November 08, 2007

(+++) HIGH SCHOOL HIJINKS

Gert Garibaldi’s Rants and Raves: One Butt Cheek at a Time. By Amber Kizer. Delacorte Press. $15.99.

Spanking Shakespeare. By Jake Wizner. Random House. $15.99.

The Sweet, Terrible, Glorious Year I Truly, Completely Lost It. By Lisa Shanahan. Delacorte Press. $15.99.

      High school is a hoot and a half, according to all three of these first-time authors. Oh yes, there’s some drama and some family difficulty and those pesky things called classes and grades, but most of what’s happening is fun and frantic and just too fast-paced for words (well, almost – each of these books contains plenty of verbiage). As different as these books are, as differently as their authors write them, there is a sameness to the underlying attitudes toward teen life and teen angst that turns this trio into a sort of Harlequin Triple Romance of high-school life (and yes, there’s romance in all the books, too).

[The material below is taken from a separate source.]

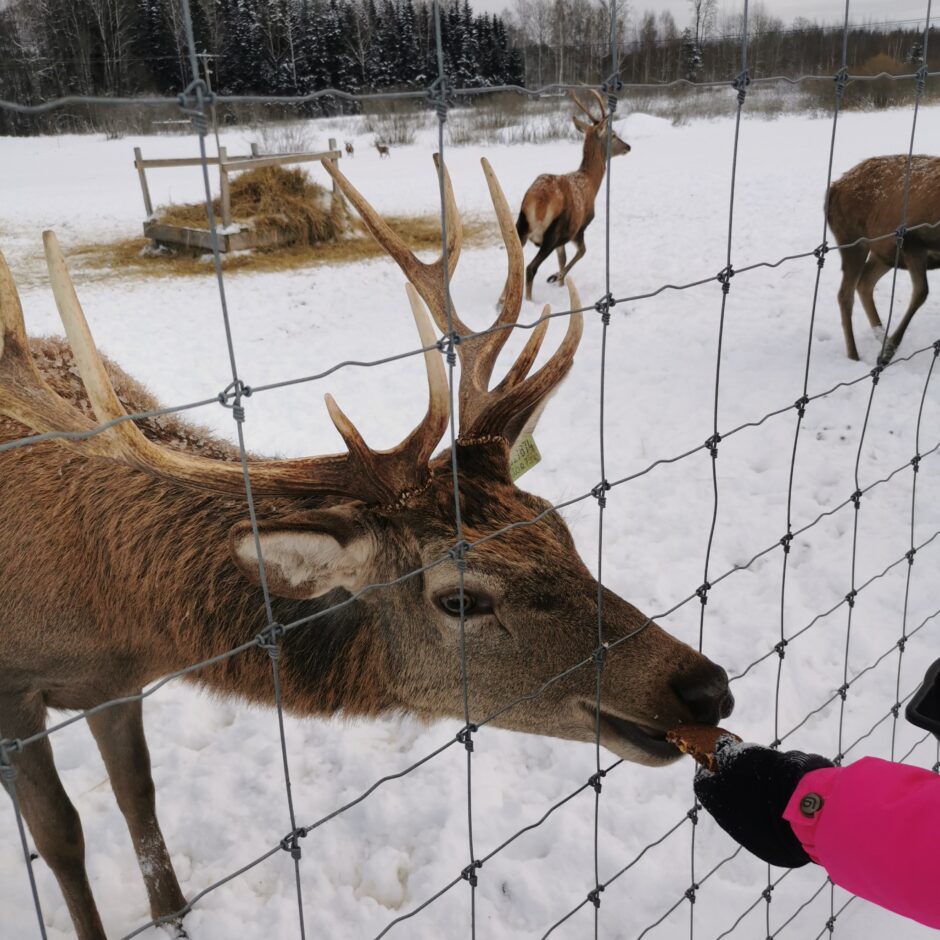Birzgales pamatskolas skolēni briežu dārzā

      Gert Garibaldi spends her time ranting into her notebook about the awfulness of high school in Amber Kizer’s Gert Garibaldi’s Rants and Raves: One Butt Cheek at a Time: “It’s high school – brutal, people, brutal. …A girl can only take so much ménage à trap.” Gert’s best friend, Adam, is gay; her crush, Luke, barely notices her; and she has to deal with the usual assortment of parents and classes and all that. Her official “rant” and “rave” pages are set in different type from the rest of the narrative and are numbered and titled: “Rant #6: Homecoming (an ancient tradition of humiliation).” But pretty much everything Gert writes sounds like a rave or a rant, such as her comments on a driving lesson with the school’s instructor: “Mr. Fritz starts to wheeze. He does that when he’s agitated. Or is he dying? Is this the death rattle? He doesn’t look quite dead. He’s got good color. I don’t think I’ll have to resort to CPR.” Kizer writes with great bounce, and manages to make even highly embarrassing situations funny, as when Gert’s menstrual period starts during a class presentation and she wishes she could “make myself invisible. Clear. Saran girl.” By the time Gert turns 16 near the end of the book, readers will really like her – unless they find her awesomely annoying. You choose.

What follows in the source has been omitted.